Tech Preview of EMC’s XtremIO Flash Storage Solution
There is no doubt that Flash is hot right now. Over the past number of months, we have seen IBM acquire Texas Memory Systems (TMS), HDS unveil their own flash strategy and HP launch their all flash 3PAR P1000 array. Of course regular readers of my blog will have seen my posts about newer all flash array vendors such as Pure Storage, Violin Memory & Nimbus Data. The purpose of this post is to highlight XtremIO’s flash storage solution which was recently acquired by EMC.
I should point out that there is no XtremIO product available for purchase just yet. My understanding is that EMC hope to go GA with it sometime next year (but please check with EMC directly). Don’t go looking for XtremIO on the VMware HCL – you won’t find it.

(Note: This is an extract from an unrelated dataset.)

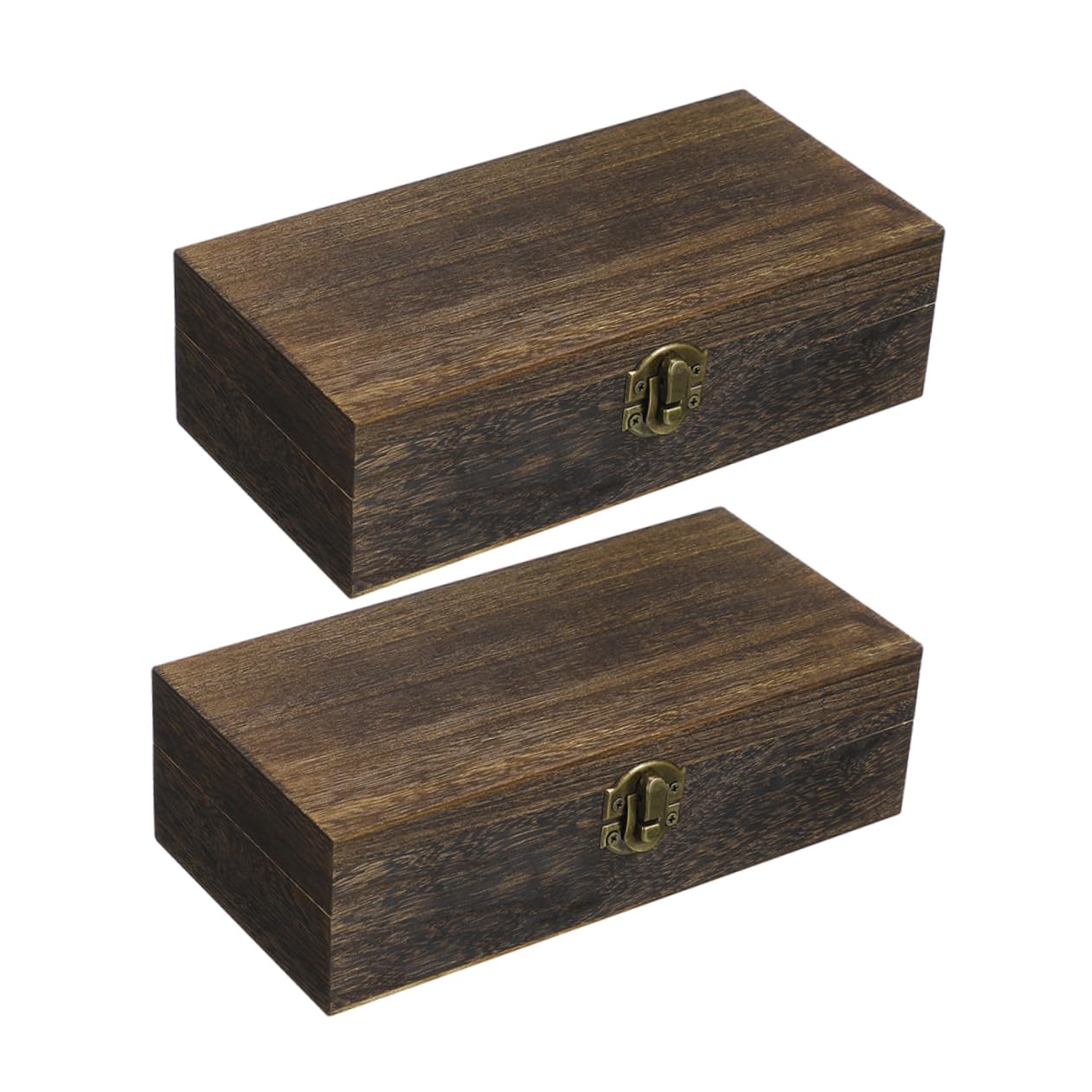 Amosfun 2pcs Wooden Car Organizer Box Secure Flip Lid Stylish Rectangular Storage for Jewelry and Miscellaneous Items Your Vehicle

At VMworld 2012 in Barcelona, I had the pleasure of meeting & chatting with Josh Goldstein of XtremIO. Josh was kind enough to give me a preview of XtremIO’s technology. He told me that XtremIO provide an all-flash storage array based on scale-out building blocks called “X-bricks” which cluster together to meet customer demands. The interconnect between X-bricks is Infiniband. The LUNs are presented to ESXi hosts over iSCSI or Fibre Channel.
The “X-brick” comes in a configuration of two stand-alone controllers with a JBOD of 2.5″ form factor MLC flash SSD drives. It has automatic load balancing across X-bricks, which Josh said provided a consistent low latency as well as linear performance scalability as you add additional X-bricks. XtremIO’s core engine, implemented 100% in software, does inline deduplication of the data (4KB granular) and works across all of the volumes on all of the X-bricks in a cluster. XtremIO claim that they can achieve between a 5:1 and a 30:1 data reduction in virtualized environments. The added benefit of this inline, global deduplication is that it reduces the number of flash writes, reducing wear on the SSDs.
All volumes on the X-brick are protected with a flash optimized configuration similar to RAID-6, but XtremIO has patented algorithms to minimize reads and writes as well as providing flash longevity and improving performance. It should be noted that this is something which is automatically done, and does not require configuration by the administrator. All volumes are also all thinly provisioned.
Another key point is that the X-brick has no single point of failure. The cluster’s system manager function handles failures, and can restart various software components or fail them over.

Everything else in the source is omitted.